Don't miss out on the opportunity. You might be the lowest-priced auction if you list Chelley's Sterilized Scalpel at 150,000 gold, but you should stop to take a moment to think, "Will it actually sell at that price?" With many DPS casters dreaming of picking up the legendary Dragonwrath, Tarecgosa's Rest staff ... likely not. If it's fair market value is 80,000 gold this week, it'll be 50,000 gold the next, and 30,000 gold a few weeks after that. Work [2. Trade] and make a deal.

On those tailoring, leatherworking, and blacksmithing plans

If your guild is getting tailoring patterns and blacksmithing plans left and right from trash mobs in the Firelands, the best thing to do right now is sell them. Sell them now. Don't wait. Now. The supply of Living Embers is so limited that you won't be able to craft these things for weeks anyway. And by the time you can craft them, you'll have seen the pattern drop again.

Plan out how your guild will be using the Living Embers that you get. If you decide the first item you'll make is, say, Boots of the Black Flame, then keep that pattern and sell the rest.

When supply isn't an issue ...

Not all new-for-patch-4.2 items are gated behind the walls of the Firelands. There are plenty of new craftables to be made. PVP gear sells, and it sells better than you'd think, even on a PVE server.

When I first logged on last Tuesday, the new cloth PVP Bloodthirsty Fireweave Bracers were being listed on the auction house for 2,600 gold apiece. The sellers had the right general idea -- these new items would command a higher than expected price. But when you consider that the materials to make these items might only cost 200 gold on that same auction house, would anyone be dumb enough to pay a 1,200% markup?

Not on my server, at least. They simply didn't move at any appreciable quantity. Buyers have a price they're willing to pay in mind, and it's nowhere near what these items are being listed for on the auction house. The new PVP gear didn't start selling until the markets got flooded with goods, and once the market was flooded, the time to profit had long since disappeared.

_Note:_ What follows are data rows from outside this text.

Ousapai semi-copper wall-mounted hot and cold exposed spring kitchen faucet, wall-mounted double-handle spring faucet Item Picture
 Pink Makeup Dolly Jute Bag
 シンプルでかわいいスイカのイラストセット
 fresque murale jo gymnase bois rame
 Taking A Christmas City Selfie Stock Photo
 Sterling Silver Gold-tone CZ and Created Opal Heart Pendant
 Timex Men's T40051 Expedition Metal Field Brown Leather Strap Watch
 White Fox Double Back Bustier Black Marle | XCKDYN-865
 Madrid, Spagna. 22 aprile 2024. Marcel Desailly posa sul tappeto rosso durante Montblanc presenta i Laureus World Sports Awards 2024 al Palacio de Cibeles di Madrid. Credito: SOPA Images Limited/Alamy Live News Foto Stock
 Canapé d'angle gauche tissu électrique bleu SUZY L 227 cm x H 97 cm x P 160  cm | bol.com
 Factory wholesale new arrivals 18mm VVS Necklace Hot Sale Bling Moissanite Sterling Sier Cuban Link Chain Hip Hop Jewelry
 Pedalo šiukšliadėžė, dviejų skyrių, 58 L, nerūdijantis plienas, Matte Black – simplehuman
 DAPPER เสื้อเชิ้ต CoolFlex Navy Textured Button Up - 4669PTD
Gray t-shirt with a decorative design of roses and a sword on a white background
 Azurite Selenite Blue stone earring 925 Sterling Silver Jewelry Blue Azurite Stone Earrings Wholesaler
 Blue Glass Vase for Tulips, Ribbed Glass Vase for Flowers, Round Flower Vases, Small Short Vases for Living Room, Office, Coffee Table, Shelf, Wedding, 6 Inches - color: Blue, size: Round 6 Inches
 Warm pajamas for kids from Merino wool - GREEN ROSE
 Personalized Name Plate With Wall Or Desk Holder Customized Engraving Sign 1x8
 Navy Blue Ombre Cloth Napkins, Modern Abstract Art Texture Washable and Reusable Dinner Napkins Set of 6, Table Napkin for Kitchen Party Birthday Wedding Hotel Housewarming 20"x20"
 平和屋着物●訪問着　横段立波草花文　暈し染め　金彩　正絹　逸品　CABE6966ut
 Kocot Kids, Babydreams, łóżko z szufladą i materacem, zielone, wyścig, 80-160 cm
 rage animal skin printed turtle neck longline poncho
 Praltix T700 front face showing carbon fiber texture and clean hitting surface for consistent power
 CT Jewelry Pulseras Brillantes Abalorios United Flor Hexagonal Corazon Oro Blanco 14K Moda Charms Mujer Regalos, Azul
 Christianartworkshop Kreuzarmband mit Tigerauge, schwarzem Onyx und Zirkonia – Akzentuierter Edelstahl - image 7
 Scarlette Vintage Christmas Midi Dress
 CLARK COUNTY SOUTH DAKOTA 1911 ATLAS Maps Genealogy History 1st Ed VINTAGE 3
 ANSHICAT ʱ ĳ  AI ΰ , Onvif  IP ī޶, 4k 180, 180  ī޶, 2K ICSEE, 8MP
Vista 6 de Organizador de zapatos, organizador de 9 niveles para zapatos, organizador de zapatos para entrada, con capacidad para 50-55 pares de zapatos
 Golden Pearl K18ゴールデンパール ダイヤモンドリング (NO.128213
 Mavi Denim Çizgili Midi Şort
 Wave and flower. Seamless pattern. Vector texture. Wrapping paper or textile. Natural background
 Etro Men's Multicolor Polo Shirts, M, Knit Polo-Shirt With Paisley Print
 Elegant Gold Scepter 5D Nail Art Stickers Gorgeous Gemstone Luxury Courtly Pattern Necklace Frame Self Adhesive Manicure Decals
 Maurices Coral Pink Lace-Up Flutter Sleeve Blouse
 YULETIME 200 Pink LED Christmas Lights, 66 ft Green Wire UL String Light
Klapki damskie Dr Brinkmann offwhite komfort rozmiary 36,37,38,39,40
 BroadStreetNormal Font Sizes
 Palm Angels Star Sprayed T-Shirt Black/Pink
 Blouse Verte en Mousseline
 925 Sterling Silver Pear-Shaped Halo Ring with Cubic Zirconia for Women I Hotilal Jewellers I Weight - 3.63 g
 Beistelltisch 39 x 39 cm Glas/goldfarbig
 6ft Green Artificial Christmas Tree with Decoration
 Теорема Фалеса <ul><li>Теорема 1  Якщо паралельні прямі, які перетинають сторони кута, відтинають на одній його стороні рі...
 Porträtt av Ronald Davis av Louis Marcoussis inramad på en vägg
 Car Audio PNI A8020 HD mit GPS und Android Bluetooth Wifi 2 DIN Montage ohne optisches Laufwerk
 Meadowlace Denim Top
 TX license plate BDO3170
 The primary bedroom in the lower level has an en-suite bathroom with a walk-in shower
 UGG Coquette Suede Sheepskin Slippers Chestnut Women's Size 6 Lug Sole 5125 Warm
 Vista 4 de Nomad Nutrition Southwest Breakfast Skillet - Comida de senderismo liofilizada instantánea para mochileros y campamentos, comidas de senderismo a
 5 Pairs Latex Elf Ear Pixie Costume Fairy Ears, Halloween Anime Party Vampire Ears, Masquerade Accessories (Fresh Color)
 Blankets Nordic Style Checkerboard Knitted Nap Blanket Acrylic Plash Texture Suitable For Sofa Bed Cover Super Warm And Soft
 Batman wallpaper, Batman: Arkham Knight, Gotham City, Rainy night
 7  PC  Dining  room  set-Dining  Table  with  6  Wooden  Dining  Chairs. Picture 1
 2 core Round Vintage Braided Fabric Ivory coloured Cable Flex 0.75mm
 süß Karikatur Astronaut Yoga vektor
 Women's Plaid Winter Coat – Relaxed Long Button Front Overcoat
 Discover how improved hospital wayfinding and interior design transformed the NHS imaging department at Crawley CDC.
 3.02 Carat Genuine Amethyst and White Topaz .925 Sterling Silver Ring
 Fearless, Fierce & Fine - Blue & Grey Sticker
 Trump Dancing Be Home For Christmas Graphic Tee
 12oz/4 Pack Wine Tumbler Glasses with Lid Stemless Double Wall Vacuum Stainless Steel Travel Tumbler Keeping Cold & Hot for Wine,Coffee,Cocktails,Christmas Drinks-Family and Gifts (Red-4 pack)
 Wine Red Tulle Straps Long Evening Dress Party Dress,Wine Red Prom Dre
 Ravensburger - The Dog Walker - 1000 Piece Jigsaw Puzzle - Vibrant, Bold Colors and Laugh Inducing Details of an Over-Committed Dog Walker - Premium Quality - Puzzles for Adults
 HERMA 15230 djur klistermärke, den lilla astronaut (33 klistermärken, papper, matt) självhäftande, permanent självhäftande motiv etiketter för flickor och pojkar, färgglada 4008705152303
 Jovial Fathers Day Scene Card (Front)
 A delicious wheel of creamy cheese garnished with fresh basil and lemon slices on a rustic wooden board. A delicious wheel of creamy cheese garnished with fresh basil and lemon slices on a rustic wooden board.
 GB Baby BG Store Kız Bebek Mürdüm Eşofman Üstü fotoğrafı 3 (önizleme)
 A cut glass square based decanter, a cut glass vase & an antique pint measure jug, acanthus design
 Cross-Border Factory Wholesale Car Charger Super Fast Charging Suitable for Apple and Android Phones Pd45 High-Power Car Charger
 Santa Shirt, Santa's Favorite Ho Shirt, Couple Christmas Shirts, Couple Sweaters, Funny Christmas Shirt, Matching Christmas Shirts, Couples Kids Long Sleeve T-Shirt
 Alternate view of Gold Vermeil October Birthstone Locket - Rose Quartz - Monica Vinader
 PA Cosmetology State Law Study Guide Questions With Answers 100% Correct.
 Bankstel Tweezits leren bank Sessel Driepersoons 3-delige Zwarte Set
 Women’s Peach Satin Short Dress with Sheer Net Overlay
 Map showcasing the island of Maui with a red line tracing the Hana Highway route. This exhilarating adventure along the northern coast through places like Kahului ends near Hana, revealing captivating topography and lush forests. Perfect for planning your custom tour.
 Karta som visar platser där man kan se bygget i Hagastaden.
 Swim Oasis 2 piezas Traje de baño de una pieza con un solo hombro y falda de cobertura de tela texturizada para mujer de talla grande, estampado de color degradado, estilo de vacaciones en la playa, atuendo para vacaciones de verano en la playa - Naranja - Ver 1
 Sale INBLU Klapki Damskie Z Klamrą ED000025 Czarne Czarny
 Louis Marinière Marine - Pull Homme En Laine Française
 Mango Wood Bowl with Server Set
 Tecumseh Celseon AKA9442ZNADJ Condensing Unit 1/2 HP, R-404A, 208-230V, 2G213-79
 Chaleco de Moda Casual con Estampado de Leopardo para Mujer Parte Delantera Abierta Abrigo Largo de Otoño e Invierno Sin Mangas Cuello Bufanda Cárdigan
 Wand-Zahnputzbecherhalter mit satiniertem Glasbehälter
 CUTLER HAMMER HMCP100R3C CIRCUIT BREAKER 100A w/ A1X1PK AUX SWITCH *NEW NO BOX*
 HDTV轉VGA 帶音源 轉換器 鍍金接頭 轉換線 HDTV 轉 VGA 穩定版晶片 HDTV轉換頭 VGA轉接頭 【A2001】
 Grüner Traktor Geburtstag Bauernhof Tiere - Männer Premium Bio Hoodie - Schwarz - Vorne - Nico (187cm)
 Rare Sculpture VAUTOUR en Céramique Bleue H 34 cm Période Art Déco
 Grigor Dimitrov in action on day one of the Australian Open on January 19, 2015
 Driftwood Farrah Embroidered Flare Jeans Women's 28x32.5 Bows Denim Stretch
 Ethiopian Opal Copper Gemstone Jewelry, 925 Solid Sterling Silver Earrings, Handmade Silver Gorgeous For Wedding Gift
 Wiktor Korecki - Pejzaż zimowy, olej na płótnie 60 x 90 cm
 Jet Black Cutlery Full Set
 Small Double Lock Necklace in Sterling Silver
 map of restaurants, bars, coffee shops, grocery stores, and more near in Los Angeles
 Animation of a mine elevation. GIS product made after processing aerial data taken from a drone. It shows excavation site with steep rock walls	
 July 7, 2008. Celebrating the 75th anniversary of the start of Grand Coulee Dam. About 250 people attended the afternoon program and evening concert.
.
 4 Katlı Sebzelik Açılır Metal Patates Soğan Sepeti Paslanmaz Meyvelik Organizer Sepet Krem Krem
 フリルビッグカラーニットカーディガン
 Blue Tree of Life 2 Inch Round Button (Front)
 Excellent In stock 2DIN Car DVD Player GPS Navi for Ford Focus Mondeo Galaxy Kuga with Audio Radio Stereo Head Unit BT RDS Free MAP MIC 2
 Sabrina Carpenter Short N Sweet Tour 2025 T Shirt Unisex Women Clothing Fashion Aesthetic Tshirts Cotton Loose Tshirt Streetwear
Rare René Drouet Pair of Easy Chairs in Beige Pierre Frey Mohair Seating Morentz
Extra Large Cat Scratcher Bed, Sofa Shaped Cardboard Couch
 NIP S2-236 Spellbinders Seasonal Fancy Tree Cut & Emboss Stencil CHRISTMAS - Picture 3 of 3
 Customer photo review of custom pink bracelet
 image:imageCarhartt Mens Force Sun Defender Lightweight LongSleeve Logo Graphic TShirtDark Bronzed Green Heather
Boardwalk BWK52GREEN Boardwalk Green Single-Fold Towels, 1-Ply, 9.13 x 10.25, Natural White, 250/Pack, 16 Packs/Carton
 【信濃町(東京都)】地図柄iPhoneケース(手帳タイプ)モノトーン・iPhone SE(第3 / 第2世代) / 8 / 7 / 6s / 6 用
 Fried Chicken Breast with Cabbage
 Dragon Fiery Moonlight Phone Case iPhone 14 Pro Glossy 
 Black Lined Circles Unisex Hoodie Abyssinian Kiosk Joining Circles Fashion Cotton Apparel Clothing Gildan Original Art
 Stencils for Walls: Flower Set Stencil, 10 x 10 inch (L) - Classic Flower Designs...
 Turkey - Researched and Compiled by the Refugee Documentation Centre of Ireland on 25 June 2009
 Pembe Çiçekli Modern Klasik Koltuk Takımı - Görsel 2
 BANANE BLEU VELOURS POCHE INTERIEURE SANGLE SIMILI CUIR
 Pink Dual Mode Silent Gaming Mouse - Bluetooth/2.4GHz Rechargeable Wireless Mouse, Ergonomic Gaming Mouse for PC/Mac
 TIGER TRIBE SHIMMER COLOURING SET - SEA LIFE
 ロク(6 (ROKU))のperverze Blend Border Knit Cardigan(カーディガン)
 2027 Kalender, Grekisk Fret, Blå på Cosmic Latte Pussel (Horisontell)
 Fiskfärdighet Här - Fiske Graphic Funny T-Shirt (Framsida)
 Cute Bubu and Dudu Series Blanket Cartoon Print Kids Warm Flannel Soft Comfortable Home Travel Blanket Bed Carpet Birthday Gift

How should this market be played? Well, right now, on a number of servers, it can't. Too many people with dollar signs in their eyes made too much PVP gear, and now there's a glut. Bide your time, and check in with the market in a few weeks. Many of the early sellers will be discouraged by their inability to turn a profit (or even sell an item) here and will move on to greener pastures. If the market still appears to be profitable on your server, undercut and undercut hard, preferably through trade.


Maximize your profits with more advice from Gold Capped. Do you have questions about selling, reselling, and building your financial empire on the auction house? Fox and Basil are taking your questions at fox@wowinsider.com and basil@wowinsider.com.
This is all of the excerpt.